BEGIN Data shown
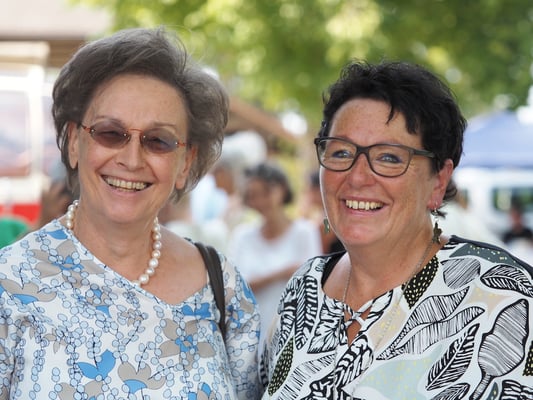 70th Anniversary BPW Club Thun, Switzerland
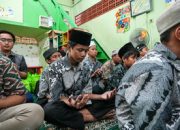 Santunan Ramadan Pertamina Patra Niaga: Berbagi Cinta dan Doa untuk Anak-anak Yatim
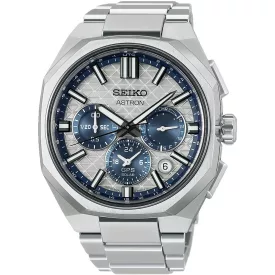   Seiko Astron 145th Anniversary Limited Edition Herrenuhr Satz HAB004J1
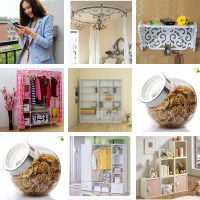 創意點亮生活 韓國新奇特家居與母親節禮品精選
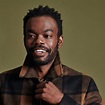 William Jackson Harper On 'Love Life,' 'The Good Place' & Thirst Tweets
END Data shown
> _What is needed_
What is needed is a verbatim copy of the entries, leaving out any pictures.

> _Solution for this problem_
 70th Anniversary BPW Club Thun, Switzerland
 Santunan Ramadan Pertamina Patra Niaga: Berbagi Cinta dan Doa untuk Anak-anak Yatim
   Seiko Astron 145th Anniversary Limited Edition Herrenuhr Satz HAB004J1
 創意點亮生活 韓國新奇特家居與母親節禮品精選
 William Jackson Harper On 'Love Life,' 'The Good Place' & Thirst Tweets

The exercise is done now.